TASK TO CARRY OUT: All records below are to be transcribed exactly, with every picture left out.

DATA SHOWN:
---

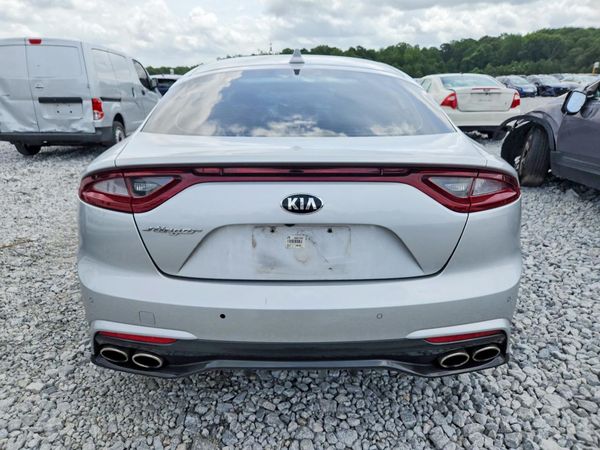 2018 KIA STINGER Premium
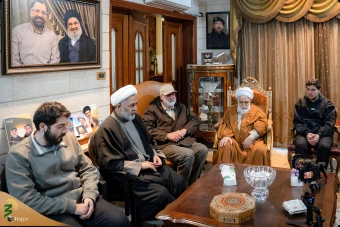 حضور نماینده رهبر انقلاب اسلامی در منزل خانواده‌های فرماندهان شهید حزب‌الله لبنان در بیروت 27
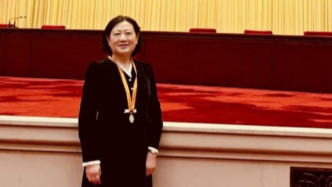 上海護(hù)士邢紅在人民大會堂獲頒第50屆南丁格爾獎(jiǎng)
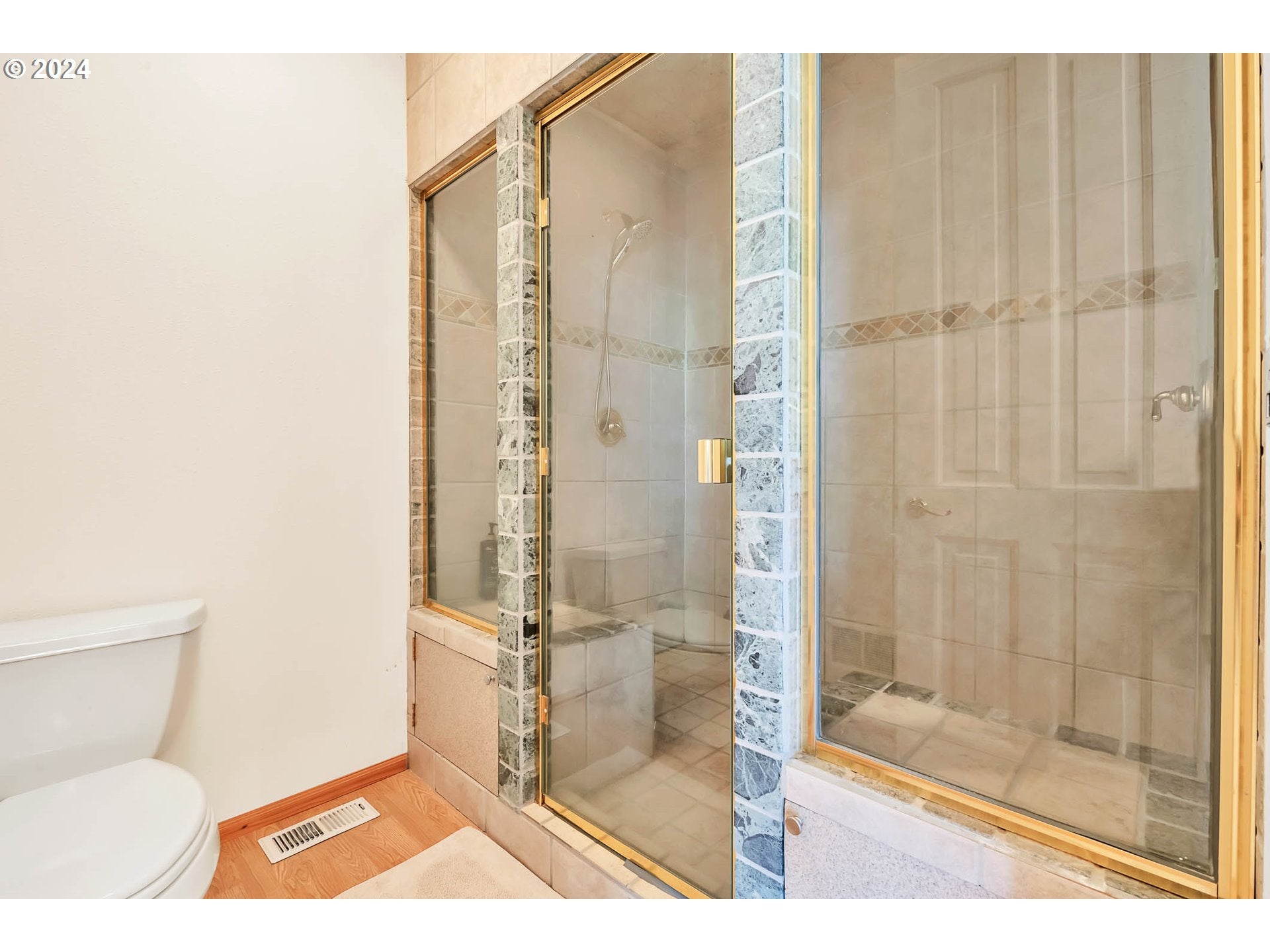 Pleasant Hill, Oregon, 97455, United States, ,3 BathroomsBathrooms,Residential,Active,1704809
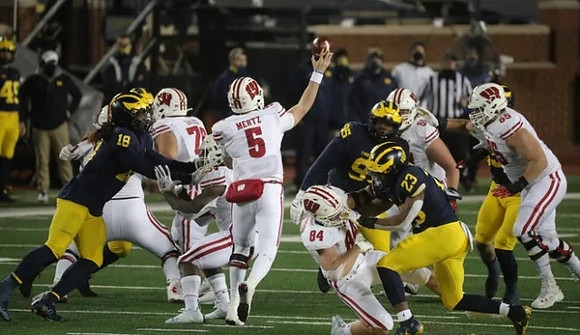 Luiji Vilain (18), Donovan Jeter (95), and Michael Barrett (23)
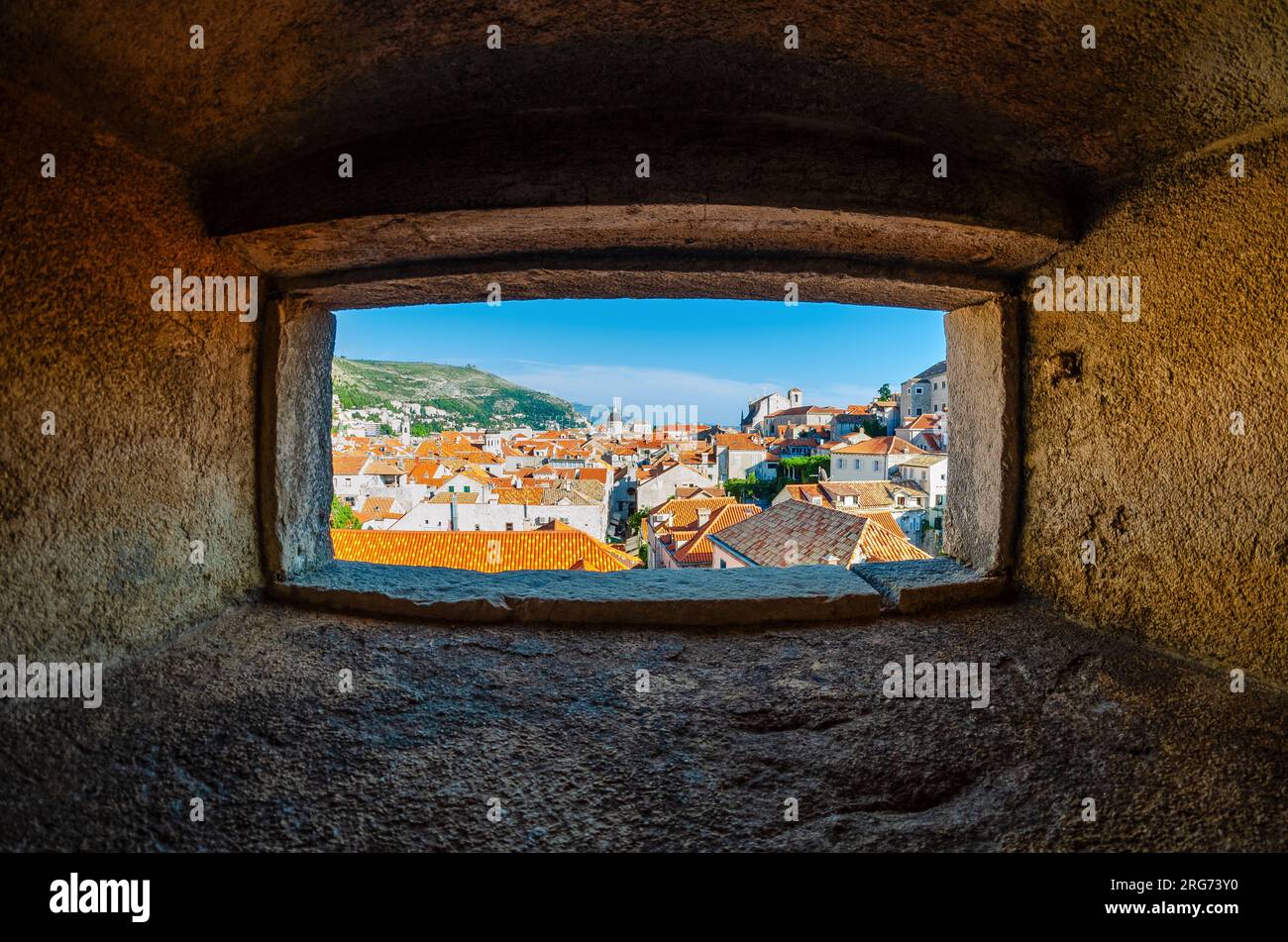 Dubrovnik, Croazia - 22 settembre 2015 - Vista della città vecchia di Dubrovnik attraverso l'abbraccio delle mura circostanti. Foto Stock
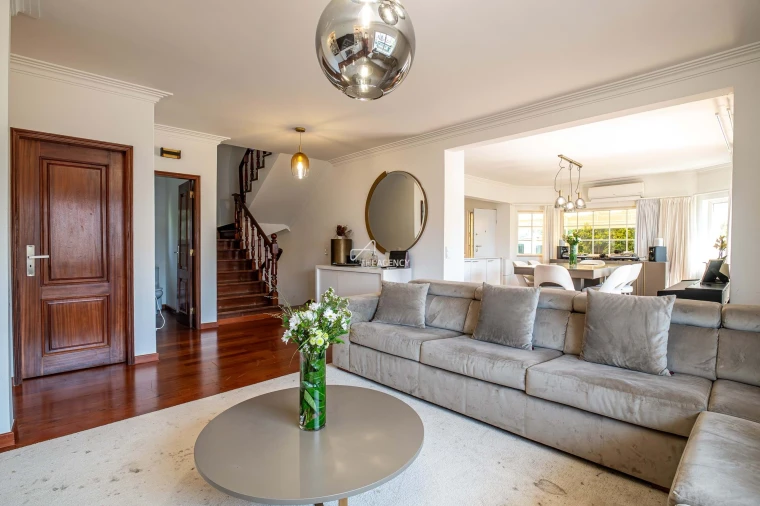 Moradia T4 para Venda em Cascais e Estoril Foto 2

---

TASK SOLUTION:
 2018 KIA STINGER Premium
 حضور نماینده رهبر انقلاب اسلامی در منزل خانواده‌های فرماندهان شهید حزب‌الله لبنان در بیروت 27
 上海護(hù)士邢紅在人民大會堂獲頒第50屆南丁格爾獎(jiǎng)
 Pleasant Hill, Oregon, 97455, United States, ,3 BathroomsBathrooms,Residential,Active,1704809
 Luiji Vilain (18), Donovan Jeter (95), and Michael Barrett (23)
 Dubrovnik, Croazia - 22 settembre 2015 - Vista della città vecchia di Dubrovnik attraverso l'abbraccio delle mura circostanti. Foto Stock
 Moradia T4 para Venda em Cascais e Estoril Foto 2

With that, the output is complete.